Commentaire de l’arrêt Franck du 2 déc. 1941 (fait des choses)

Arrêt Franck (chambres réunies le 2 decembre 1941) La responsabilité du fait des choses : Cass. Ch. Réun., 2 déc. 1941

La prise en considération, non seulement du fait personnel mais aussi du fait des choses, élargit considérablement l’éventail des responsabilités. C’est au sujet de la responsabilité du fait des choses plus précisément en ce qui concerne la notion de garde qu’un bouleversement profond s’est produit. Tel est précisément le propos de l’arrêt Franck du 2 décembre 1941 à propos duquel les chambres de la Cour de Cassation se réunirent pour trancher une question de droit majeur.

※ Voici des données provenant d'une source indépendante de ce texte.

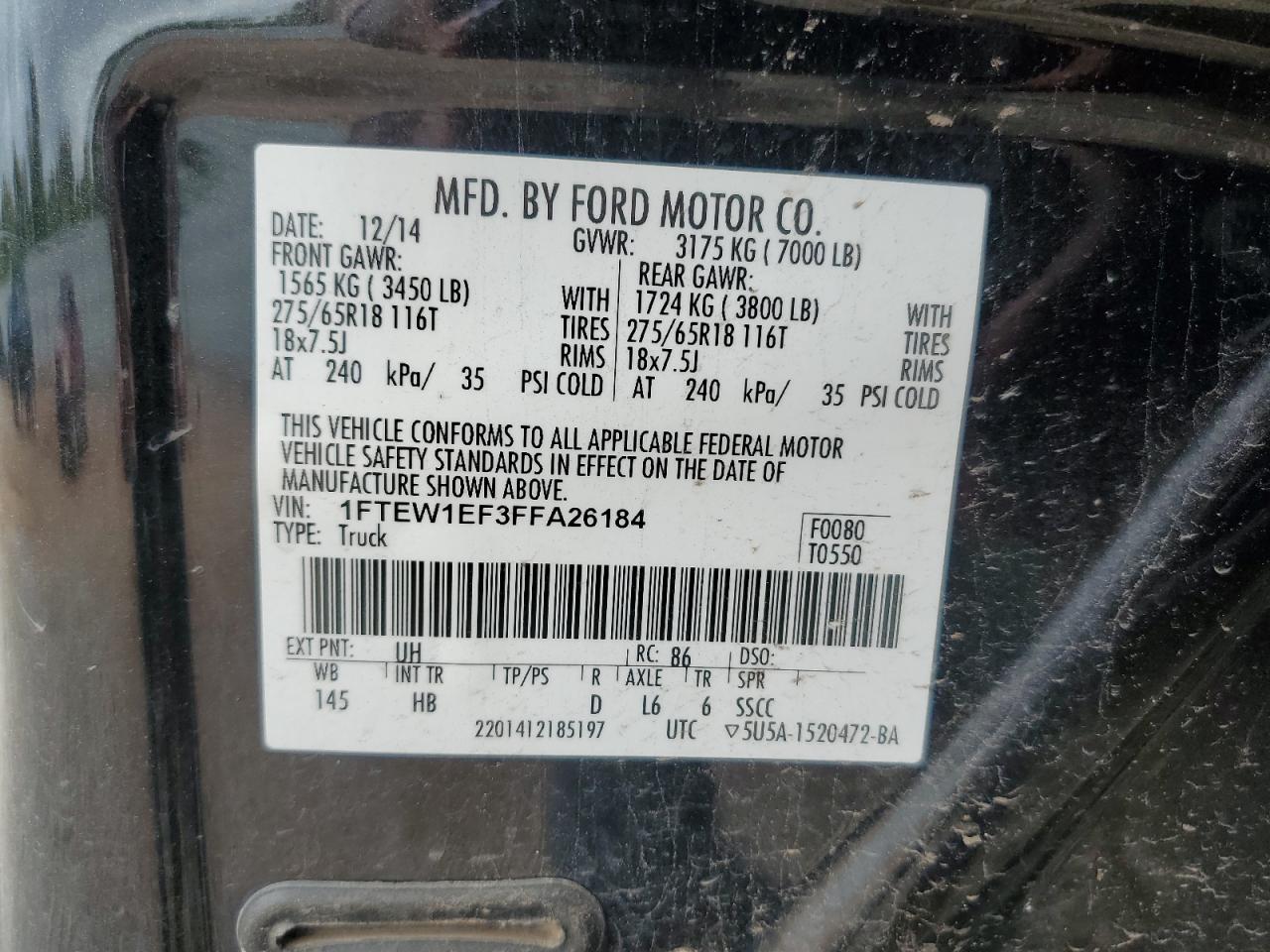 1FTEW1EF3FFA26184 2015 Ford F150 Supercrew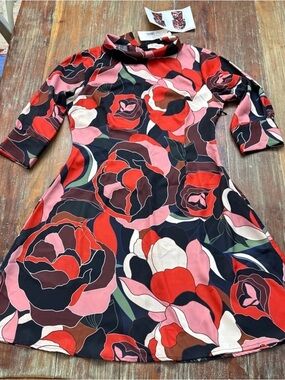 NWT Lili Sidonio x Molly Braken Retro Rose Dress- Small Kentucky Derby Dress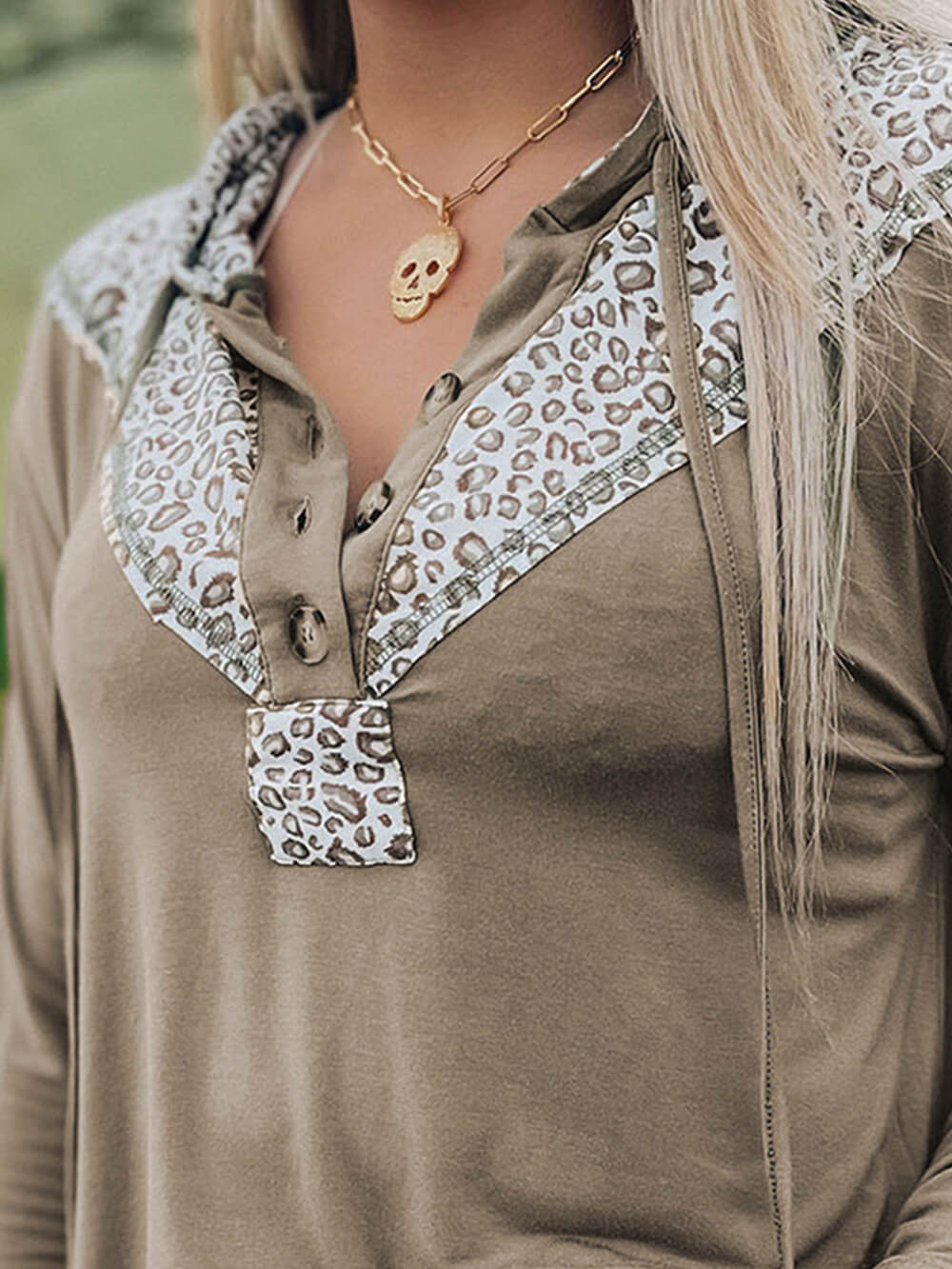 Leopard-Print Paneled Pullover Hoodie - Image 4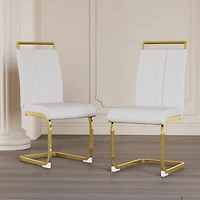Streamdale Modern Pu Leather Upholstered Dining Chair with Golden Metal Legs (Set of 2)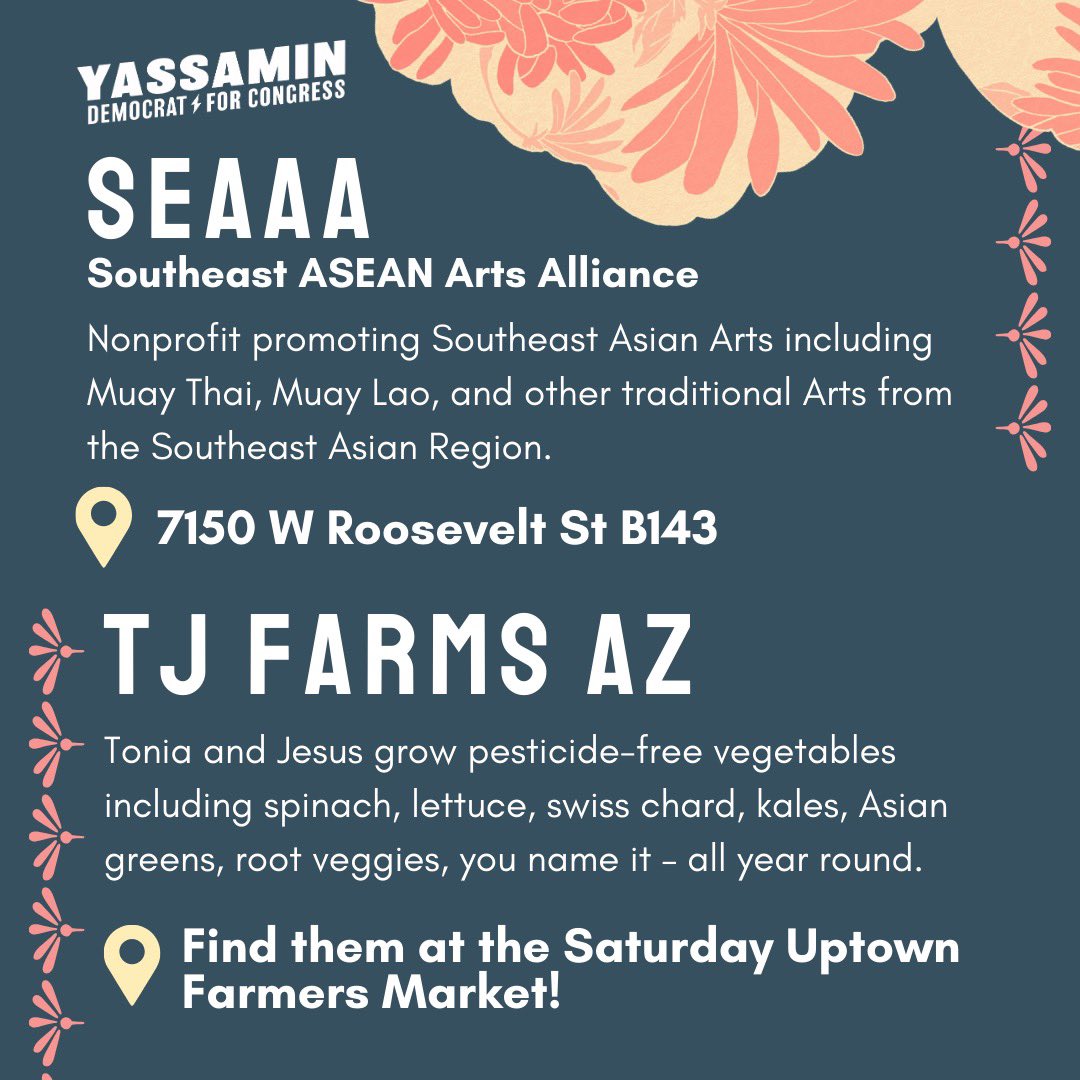 Today is the first day of Asian American and Pacific Islander Heritage Month, and our team is highlighting the incredibly creative and diverse #AAPI voices that make #AZ03 so special. 

Check out our spotlight of small business within the district and go support one today!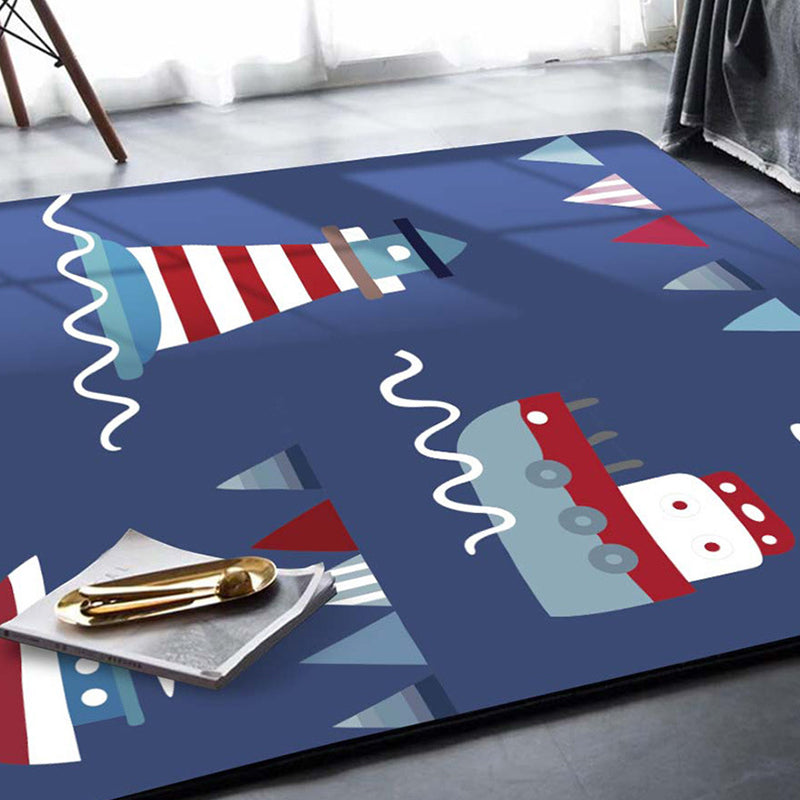 Lisslune | Blue Children's Carpet Polyester Lantern and Ship Pattern Carpet Pet Friendly Washable Non-Slip Backing Carpet for Decoration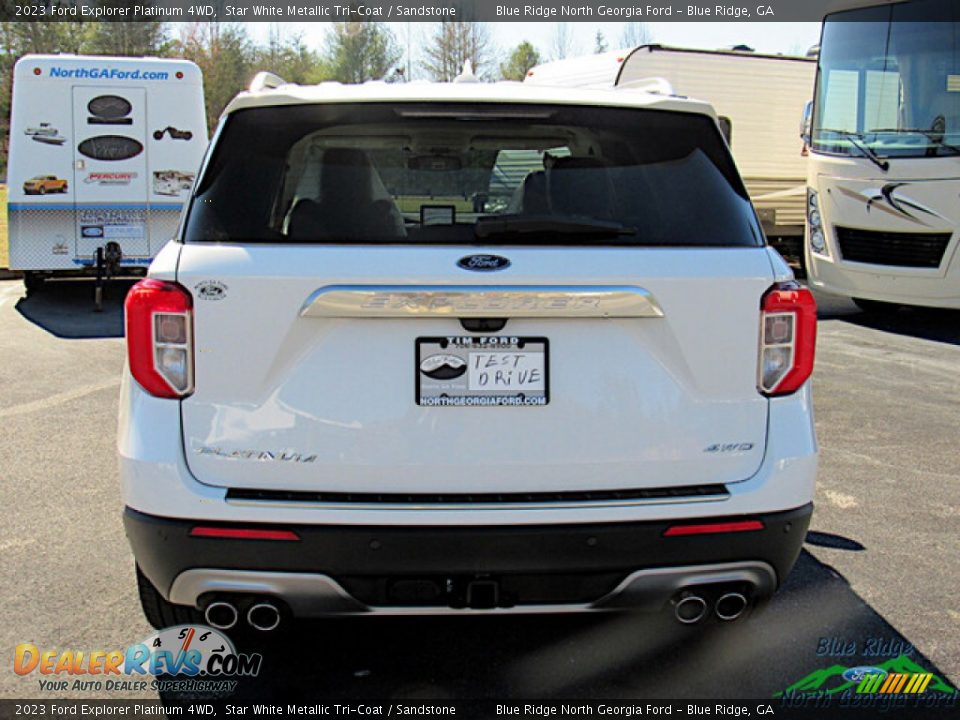 2023 Ford Explorer Platinum 4WD Star White Metallic Tri-Coat / Sandstone Photo #4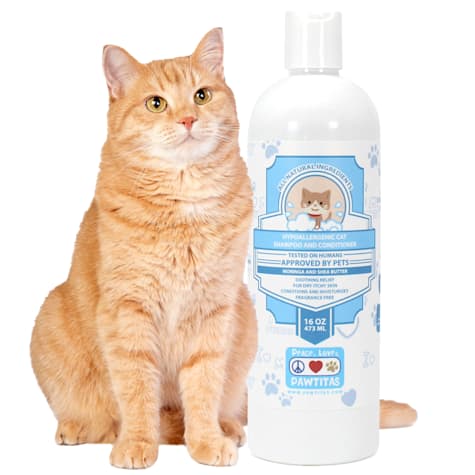 Pawtitas Handcrafted with Certified Organic Ingredients Fragrance Free Aloe Free Cat Shampoo and Conditioner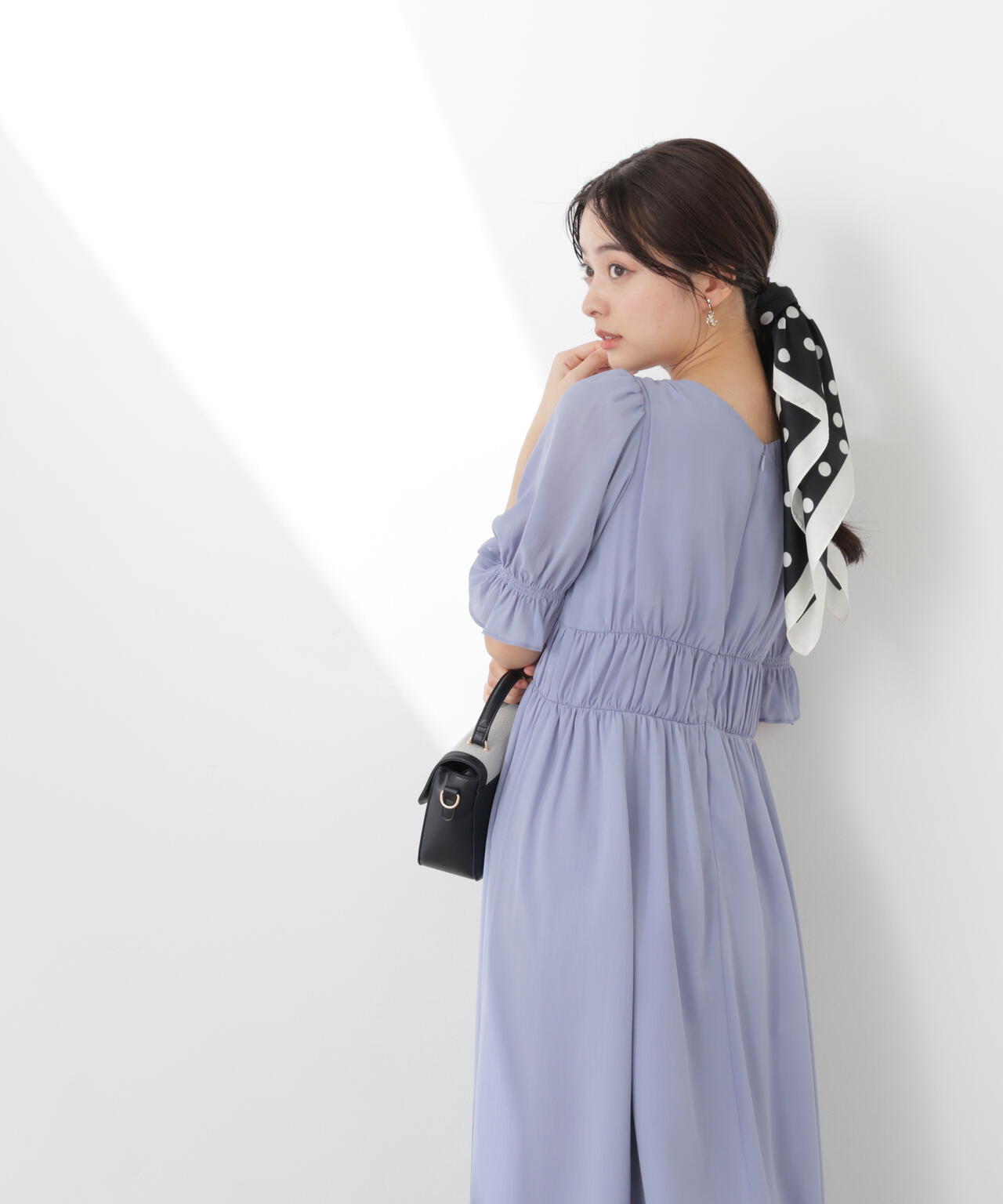 シフォン楊柳ギャザーワンピース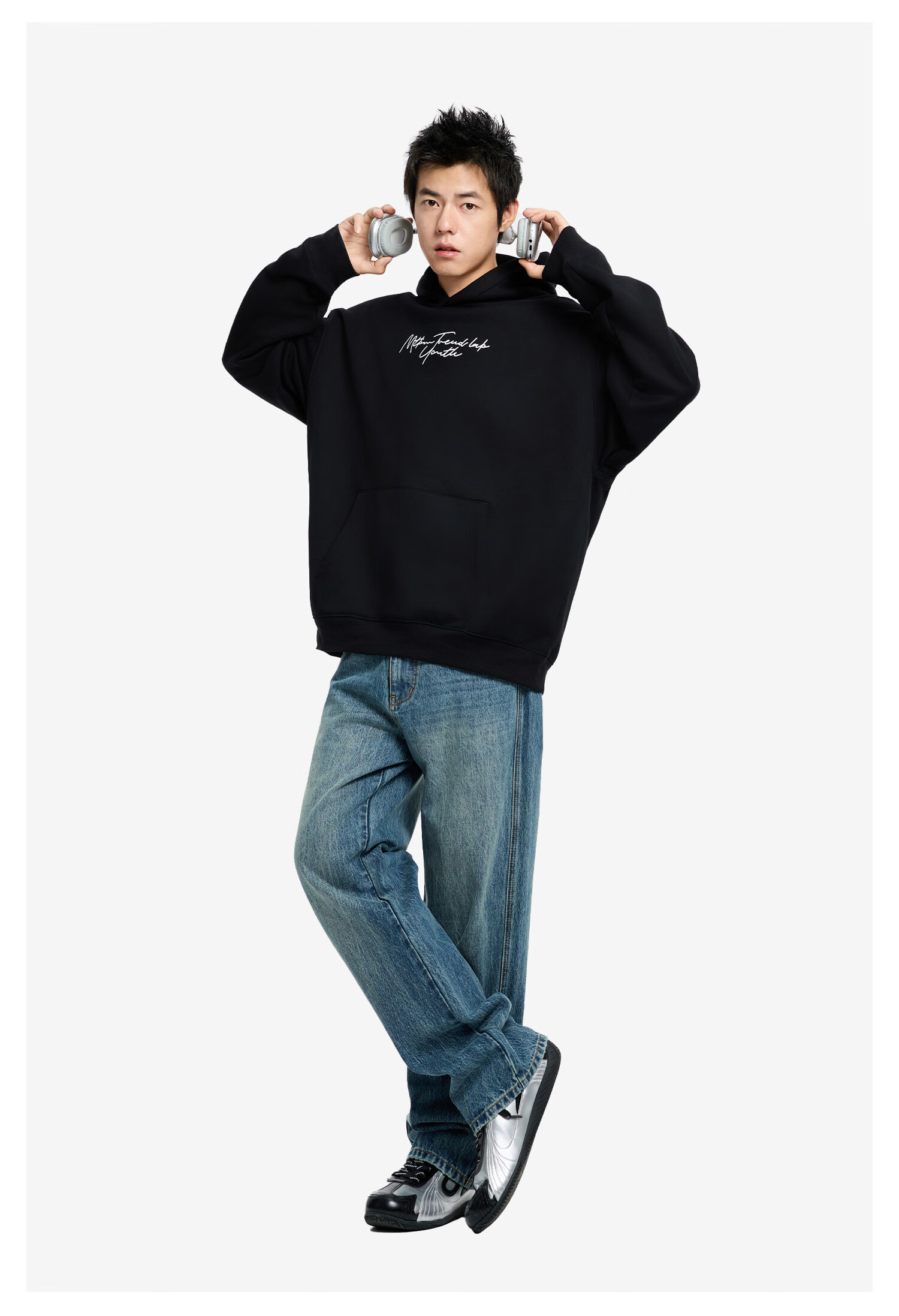 Meters Bonwe Men's Fleece Hoodie 2025 Winter New Thickened Warm Trendy Casual Long Sleeve Top 4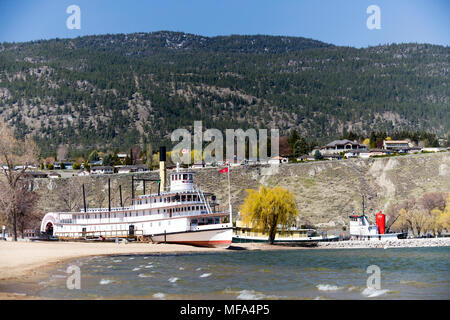 Sternwheeler SS Hesse Museum und Heritage Park am Ufer des Okanagan Lake in Penticton, British Columbia, Kanada. Stockfoto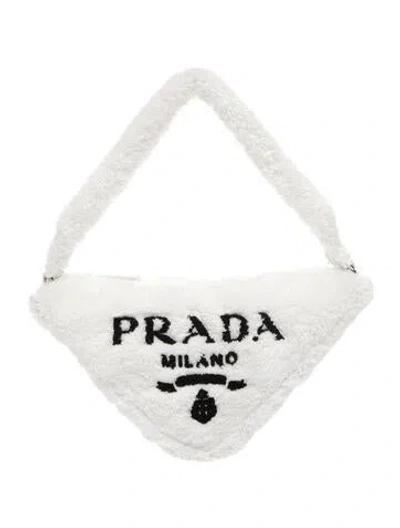 Pre-owned Prada Terry Cloth Shoulder Bag In White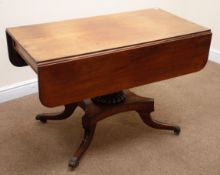 Regency mahogany drop leaf supper table, single column on quatrefoil base,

En l’espèce, la voiture du Dr Franck, confiée à son fils mineur avait été subtilisée pendant la nuit par un individu inconnu. Ce dernier, lors de la même nuit, au volant de cette voiture avait renversé et blessé mortellement, le facteur Connot. En se fondant sur les dispositions de l’article 1384 al 1er, les époux Connot ont assigné le Dr Franck en réparation du préjudice résultant pour eux de la mort de Connot.

Le tribunal (21 janvier 1931) et la Cour de Nancy (10juillet 1931) rejettent l’action en dommages et intérêts formée par les ayants droits de la victime contre le Dr Franck aux motifs que d’une part c’est le voleur qui est gardien donc présumé responsable au titre de l’article 1384 al.1er, et d’autre part, en ce qui concerne 1382, aucune faute ne peut être retenue à la charge du propriétaire de la voiture. C’est pourquoi, voyant leur demande rejetée, les consorts Connot se sont pourvus en Cassation. Le 3 mars 1936, la chambre civile de la cour de Cassation cassa la décision de la cour de Nancy en affirmant que le volé demeurait gardien de sa chose et que comme tel il était frappé de la présomption de responsabilité de l’article 1384 al.1er.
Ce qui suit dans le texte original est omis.